--- Exercise materials ---
-------

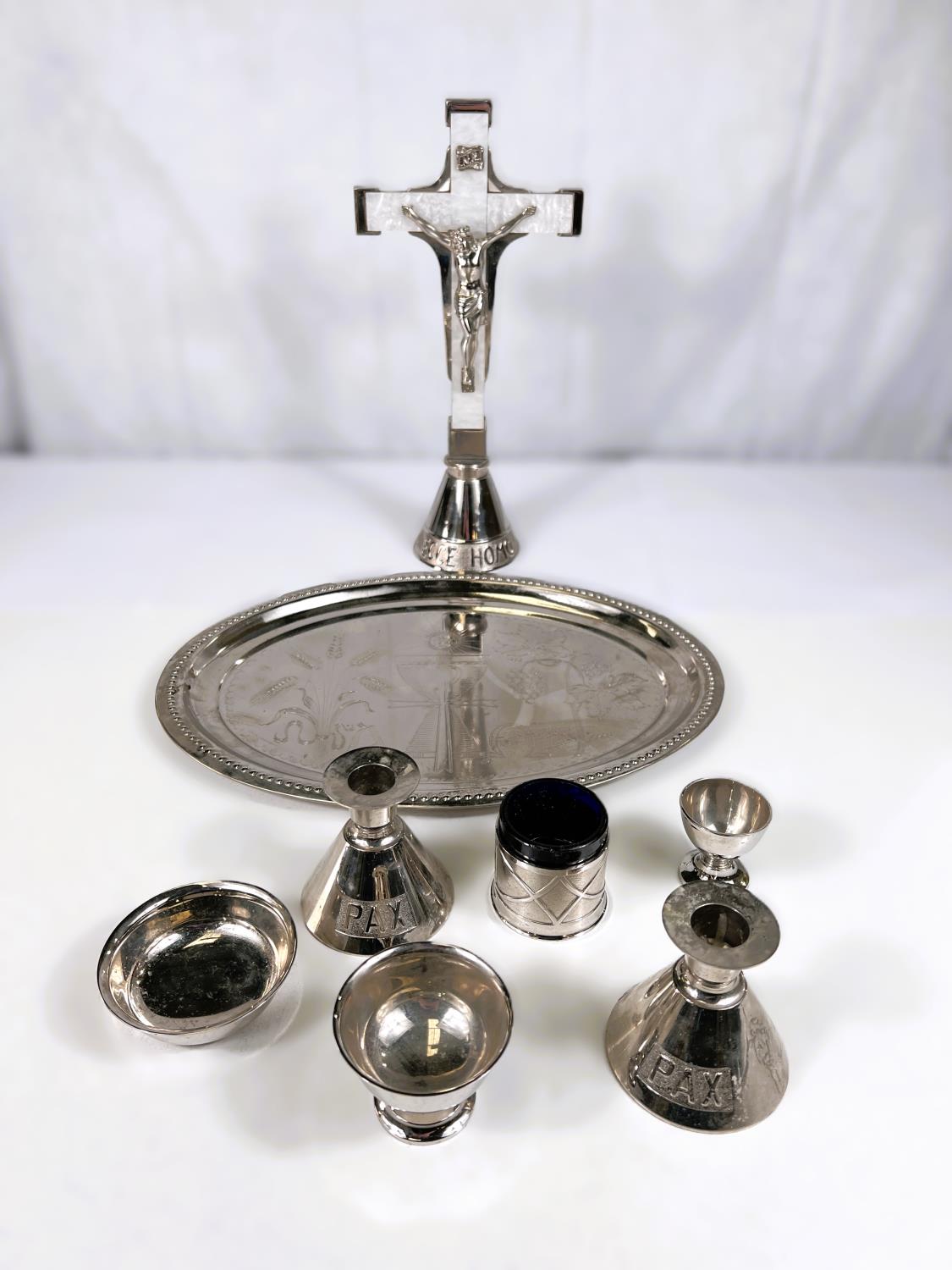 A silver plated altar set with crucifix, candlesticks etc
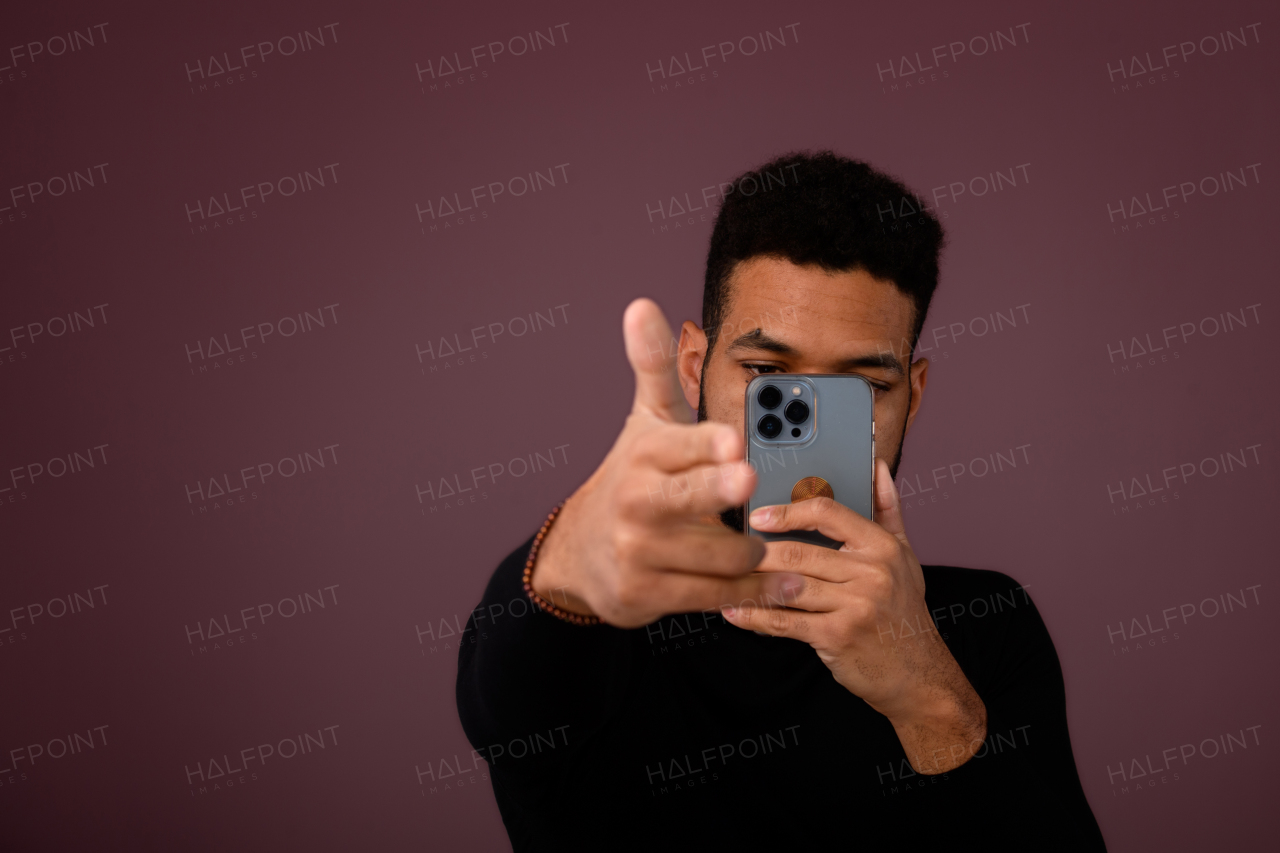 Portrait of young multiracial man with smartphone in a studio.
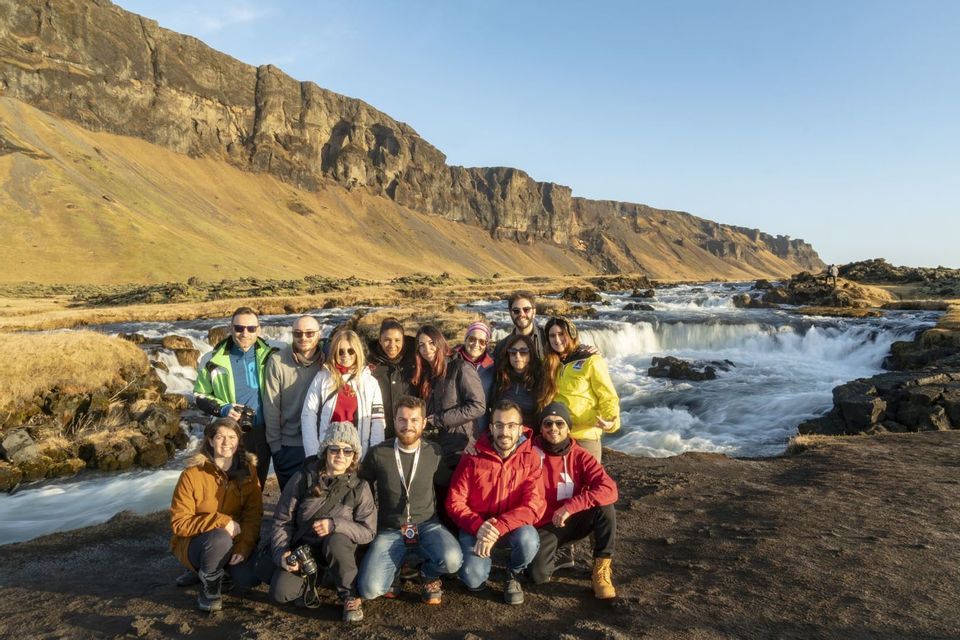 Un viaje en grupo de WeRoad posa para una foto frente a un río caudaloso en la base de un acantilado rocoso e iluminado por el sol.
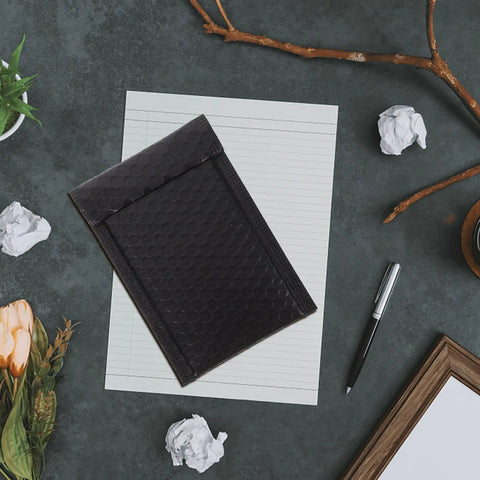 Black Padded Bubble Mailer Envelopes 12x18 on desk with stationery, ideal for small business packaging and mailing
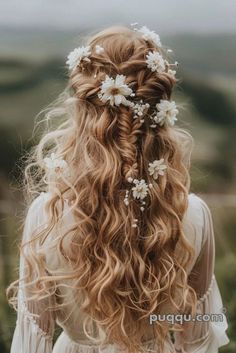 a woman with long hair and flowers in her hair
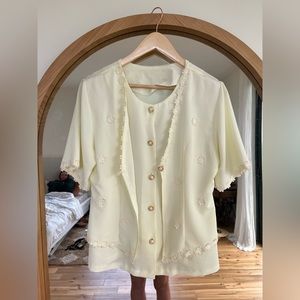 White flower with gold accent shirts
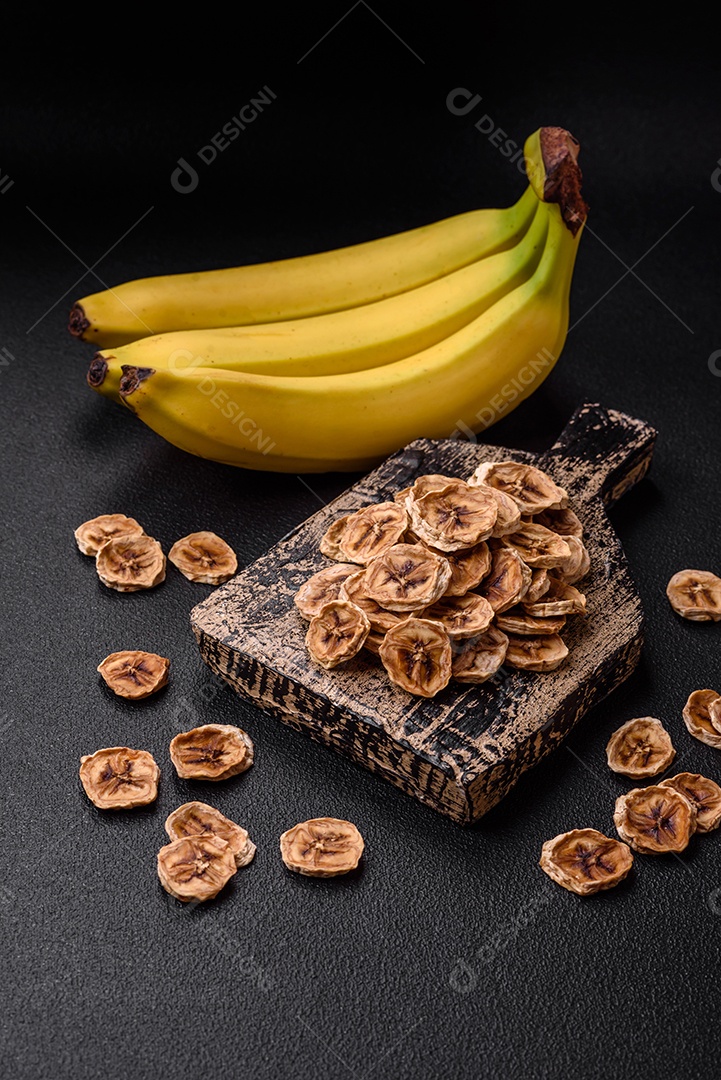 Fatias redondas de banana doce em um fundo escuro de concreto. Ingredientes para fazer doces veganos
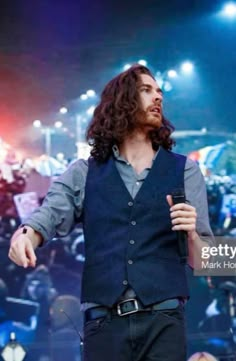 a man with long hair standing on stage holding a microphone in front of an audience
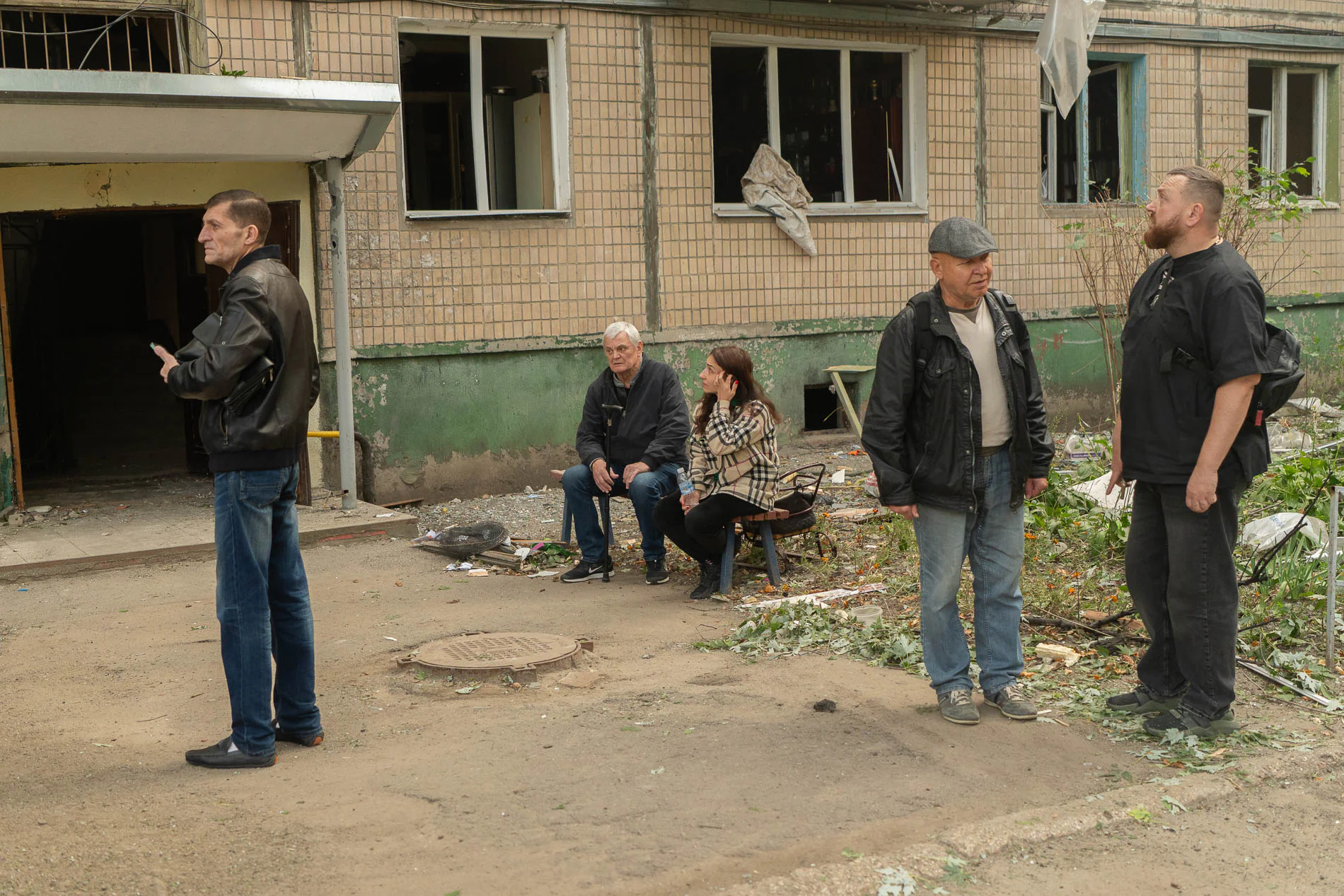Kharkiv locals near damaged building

-------

--- Your task ---
Would it be possible to reproduce the material word for word, images omitted?

--- Task output ---
 A silver plated altar set with crucifix, candlesticks etc
 Portrait of young multiracial man with smartphone in a studio.
 Un viaje en grupo de WeRoad posa para una foto frente a un río caudaloso en la base de un acantilado rocoso e iluminado por el sol.
 Black Padded Bubble Mailer Envelopes 12x18 on desk with stationery, ideal for small business packaging and mailing
 a woman with long hair and flowers in her hair
 White flower with gold accent shirts
 Fatias redondas de banana doce em um fundo escuro de concreto. Ingredientes para fazer doces veganos
 a man with long hair standing on stage holding a microphone in front of an audience
Kharkiv locals near damaged building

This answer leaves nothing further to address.